Peningkatan ini menurut Sabeth seiring dengan pertumbuhan kelas menengah muslim di Indonesia. Berdasarkan sensus penduduk tahun BPS tahun 2010, umat Islam Indonesia mencapai 88,2 persen dari total penduduk yang mencapai 240 juta. “Lebih dari separuh kaum Muslimin Indonesia dapat diasumsikan termasuk ke dalam kelas menengah yang mencapai sekitar 152 juta jiwa,” jelas Sabeth.
Senada dengan itu, Ketua Umum FOZ, Nur Effendi menilai perubahan gaya hidup kelas menengah Muslim di Indonesia menjadi peluang yang sangat besar.

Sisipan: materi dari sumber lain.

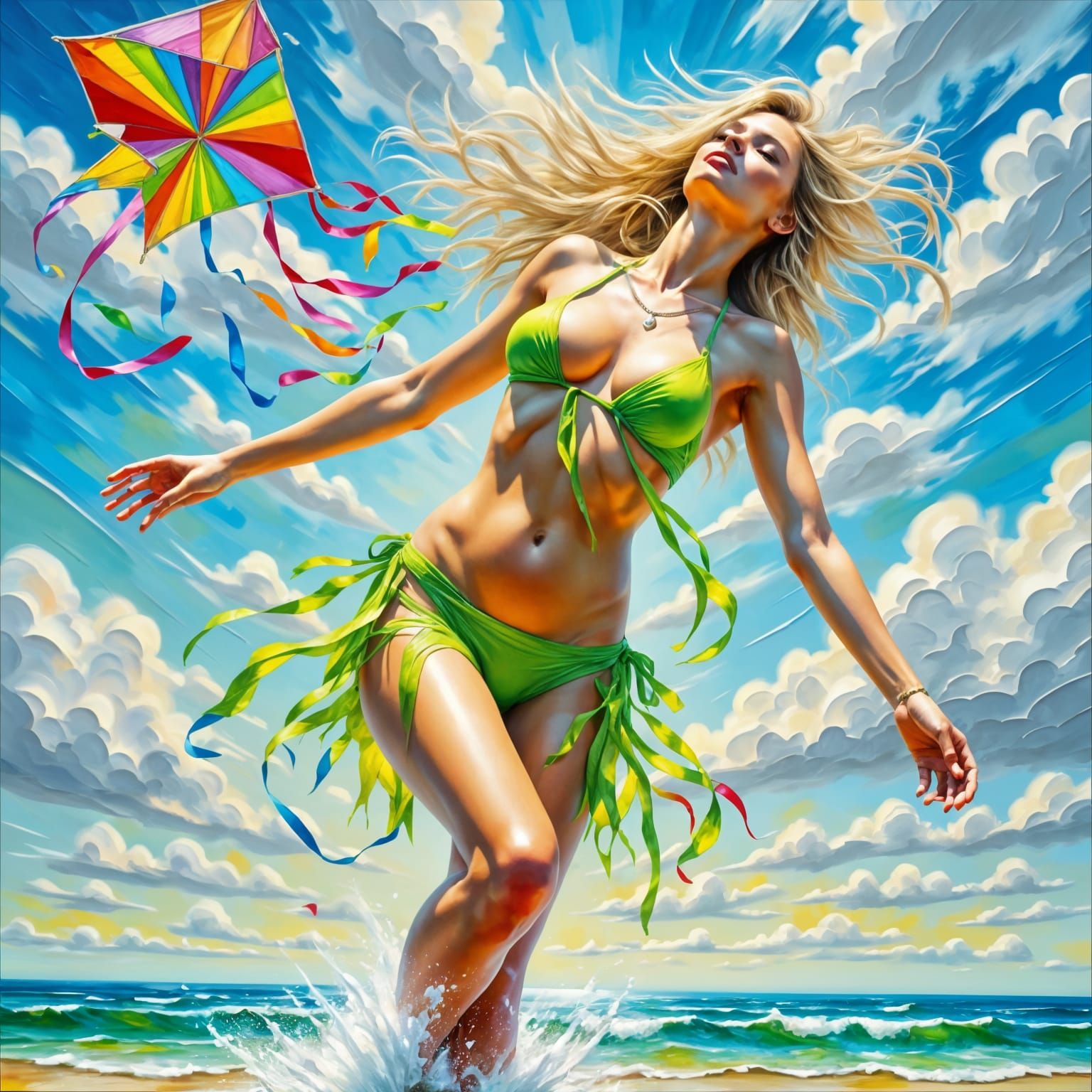 Blonde Beauty Soars with Vibrant Kite in Neo-Impressionist O...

Kelas menengah Indonesia saat ini memiliki kedekatan baru kepada Islam, tidak hanya memunculkan ”gaya hidup baru” sebagai Muslim, seperti pergi haji dan umrah plus ziarah rohani dalam jumlah sangat besar, dan juga pemakaian jilbab/hijab, tetapi juga dalam pemberian dana filantropi.
“Jika sebelumnya banyak umat Islam membayar zakat dengan tunai dan langsung, sekarang sudah banyak yang menggunakan transfer, menggunakan gadget dan membuka web lembaga zakat,” terang Nur yang juga CEO Rumah Zakat.
Peningkatan dana filantropi Islam dalam dua dasawarsa terakhir mendorong tumbuhnya berbagai lembaga amil zakat, baik bersifat semi-pemerintah, bagian dari ormas Islam, ataupun berdiri sendiri jadi semacam LSM. Berkat peningkatan dana filantropi, dana ZIS disalurkan tidak hanya di dalam negeri, tetapi juga di luar negeri, seperti membantu bangsa Palestina—termasuk membangun rumah sakit di Gaza—dan terakhir etnis Rohingya di Myanmar.